PROBOLINGGO - Penyaluran tunjangan guru ngaji di Kecamatan Krucil, Kabupaten Probolinggo, menuai sorotan publik setelah muncul dugaan bahwa dana yang seharusnya diterima sebesar Rp400 ribu per orang tidak tersalurkan secara utuh kepada sejumlah penerima.
Program bantuan tersebut diketahui menyasar sekitar 5.000 guru ngaji dengan total anggaran hampir Rp2 miliar dari Pemerintah Kabupaten Probolinggo. Mekanisme penyaluran dilakukan melalui Majelis Wakil Cabang Nahdlatul Ulama (MWCNU) di tingkat kecamatan, yang selanjutnya didistribusikan oleh pengurus ranting di masing-masing desa.
Namun, berdasarkan informasi yang dihimpun dari sejumlah penerima di lapangan, nominal yang diterima tidak seragam. Beberapa guru ngaji mengaku menerima Rp300 ribu, Rp250 ribu, Rp200 ribu, bahkan terdapat laporan yang menyebut nominal hanya Rp50 ribu.
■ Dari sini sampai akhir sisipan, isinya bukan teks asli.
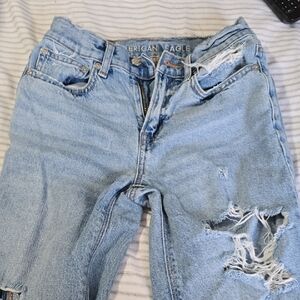 American Eagle Outfitters Women's Distressed Light Blue Jeans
Kondisi ini memunculkan pertanyaan publik terkait transparansi dan akuntabilitas distribusi bantuan, serta menempatkan proses penyaluran di tingkat ranting sebagai perhatian utama.
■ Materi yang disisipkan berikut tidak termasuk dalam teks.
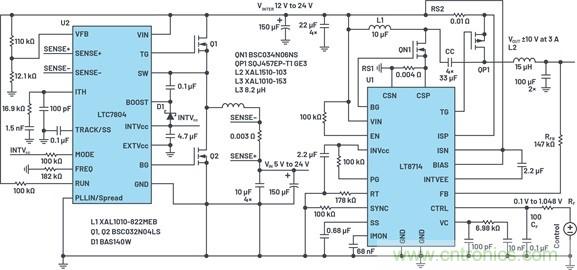 通過5 V至24 V輸入提供雙極性、雙向DC-DC流入和流出電流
Ketua MWCNU Krucil, H. Dahri, menegaskan bahwa pihaknya telah menyalurkan dana sesuai prosedur dan petunjuk teknis yang berlaku. Ia juga menyatakan telah memberikan instruksi tegas kepada seluruh pengurus ranting agar mendistribusikan dana secara utuh kepada penerima.
“Setelah proses administrasi di pemerintah daerah dan pencairan di Bank Jatim, kami langsung mengundang seluruh pengurus ranting pada malam harinya untuk menyampaikan agar distribusi dilakukan sesuai jumlah yang diterima dan sesuai juknis. Keesokan harinya langsung disalurkan kepada penerima,” ujar Dahri saat dikonfirmasi, Minggu (22/3/2026).
Meski demikian, temuan di lapangan menunjukkan adanya ketidaksesuaian. Di Desa Watupanjang, Kecamatan Krucil, sejumlah guru ngaji mengaku tidak menerima dana sesuai nominal yang disebutkan.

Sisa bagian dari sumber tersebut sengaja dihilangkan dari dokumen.